July 13, 2022 by Tim

I play and love a lot of games that might be described as “hard” or “punishing.” Obviously everyone has their own definition of what games warrant those terms, but the point is, I like a game that pushes back. I don’t mind losing a fight, because I think it feels all the better when I eventually conquer that challenge. I welcome the chance to improve. I’m no strangers to games that make me work for it, is what I’m saying.

GTFO might be towards the top of my ‘most brutally punishing games’ list, though.

 

I haven’t played a lot of it (26 hours currently), some of it during a Rundown in Early Access, some of it in Rundown 7 now that the game is officially released, but the ruthlessness of it has routinely raised my eyebrows. I love it. It 100% scratches that “when I beat a level, I feel like a god” itch, because actually managing to get through a level rarely feels like a foregone conclusion (at this stage in my experience level, anyway).

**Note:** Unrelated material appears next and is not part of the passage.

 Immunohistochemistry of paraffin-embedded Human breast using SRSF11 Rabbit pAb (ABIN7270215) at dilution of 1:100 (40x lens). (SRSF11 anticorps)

At the same time, while I might spend three hours attempting a level with friends and walk away without a win, we do at least walk away with some useful experience and knowledge, which is what I want in a game that ramps up the difficulty. Make it punishing, sure, but do so in a way where I feel like even defeat is teaching me to get better.

No doubt some of you will comment “That sounds awful,” or “I don’t have time for that, when I sit down to play a game I just want to casually breeze through it” and yeah, I get it. This is a weird thing to enjoy, and sometimes I wonder if I’m just a gaming masochist. I won’t be able to convince you that it’s fun to spend all night trudging through a dark space station filled with creepy monsters and scarce resources, losing over and over.

But for those of you like me that love the thrill when you finally get past a challenge like that, maybe look into GTFO for your next fix. You can do some of the game with bots, but it’s best played with others, willing to voice communicate.

(If you don’t have 3 friends willing to jump on board, I’ve had a lot of great luck getting groups in the game’s official Discord.)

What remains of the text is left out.